▶ **TASK OBJECTIVE**: The records below are to be reproduced exactly, and no picture should appear in the copy.

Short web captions
........
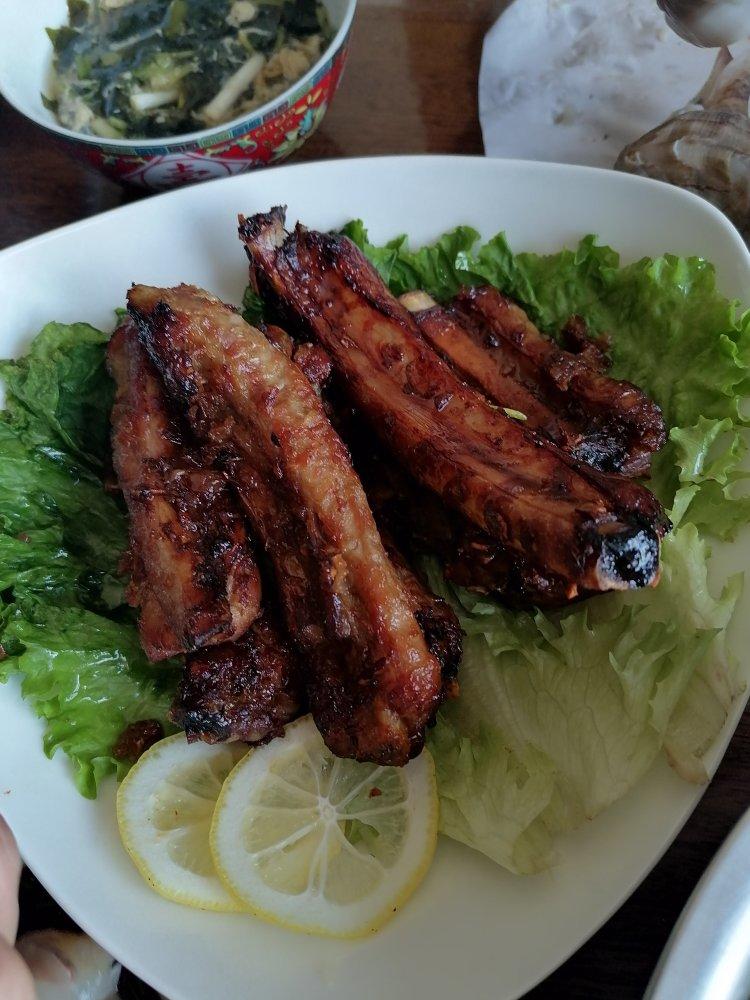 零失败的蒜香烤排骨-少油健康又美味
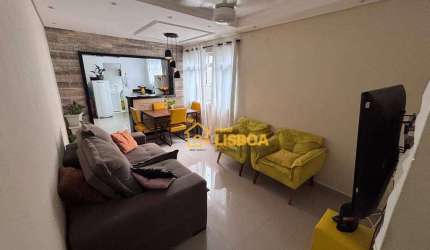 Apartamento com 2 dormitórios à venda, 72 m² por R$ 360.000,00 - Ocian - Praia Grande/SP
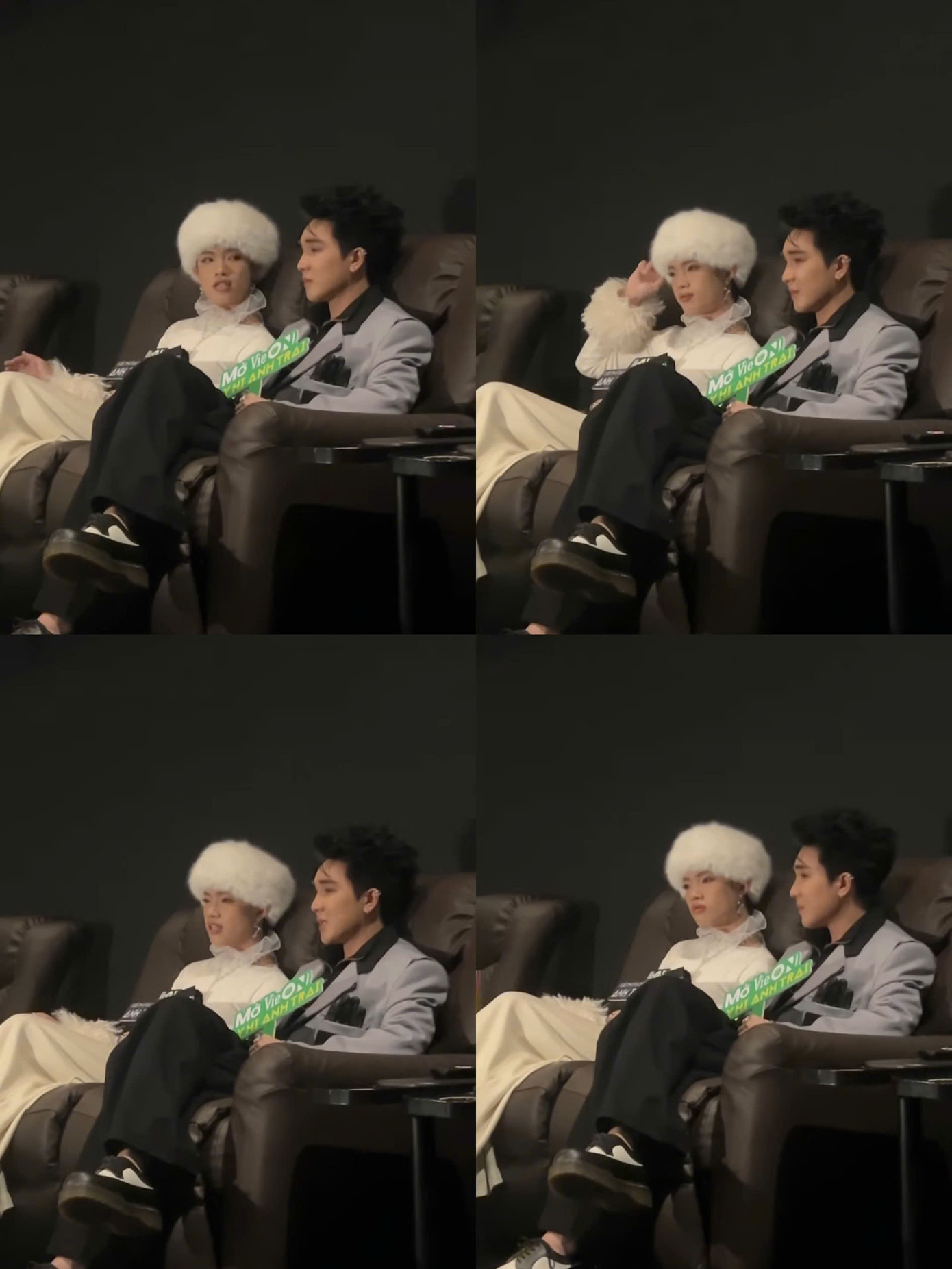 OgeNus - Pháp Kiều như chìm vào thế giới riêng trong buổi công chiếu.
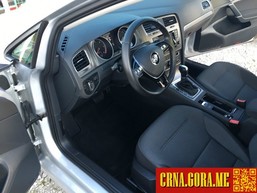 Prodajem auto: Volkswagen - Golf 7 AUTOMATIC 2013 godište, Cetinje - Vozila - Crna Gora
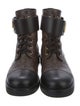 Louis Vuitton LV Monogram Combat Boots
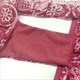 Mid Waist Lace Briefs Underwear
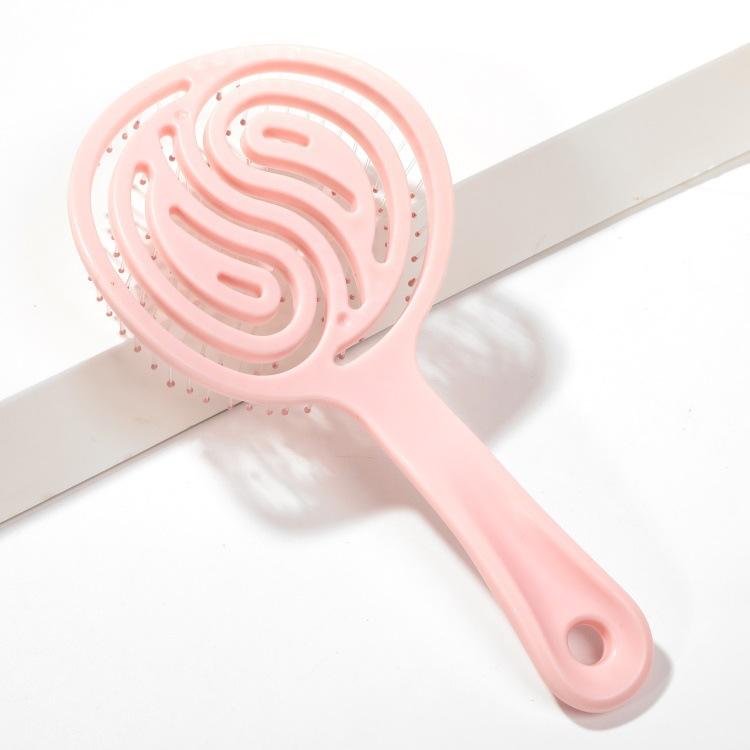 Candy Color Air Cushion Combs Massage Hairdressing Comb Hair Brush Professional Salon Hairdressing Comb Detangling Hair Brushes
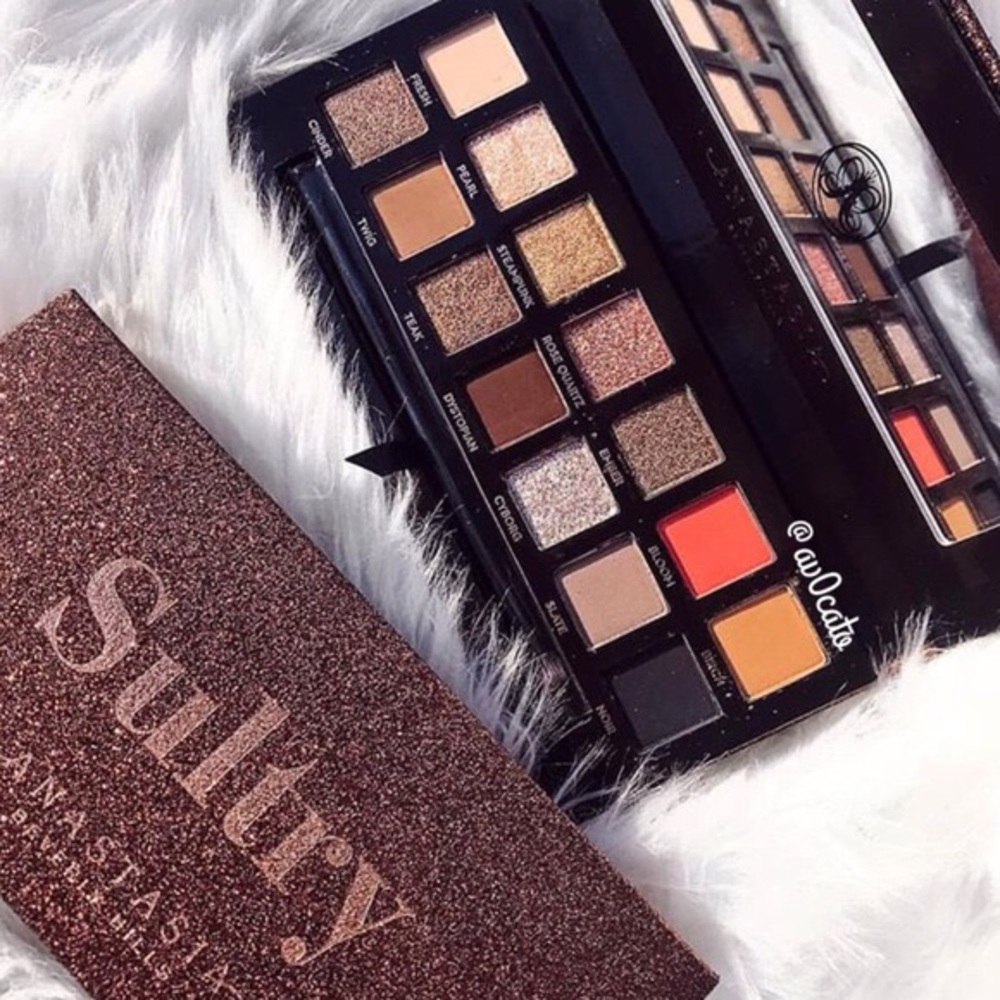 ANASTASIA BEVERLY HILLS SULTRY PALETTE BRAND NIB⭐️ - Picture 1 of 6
........
▶ **ANSWER TO THIS EXERCISE**:
 零失败的蒜香烤排骨-少油健康又美味
 Apartamento com 2 dormitórios à venda, 72 m² por R$ 360.000,00 - Ocian - Praia Grande/SP
 OgeNus - Pháp Kiều như chìm vào thế giới riêng trong buổi công chiếu.
 Prodajem auto: Volkswagen - Golf 7 AUTOMATIC 2013 godište, Cetinje - Vozila - Crna Gora
 Louis Vuitton LV Monogram Combat Boots
 Mid Waist Lace Briefs Underwear
 Candy Color Air Cushion Combs Massage Hairdressing Comb Hair Brush Professional Salon Hairdressing Comb Detangling Hair Brushes
 ANASTASIA BEVERLY HILLS SULTRY PALETTE BRAND NIB⭐️ - Picture 1 of 6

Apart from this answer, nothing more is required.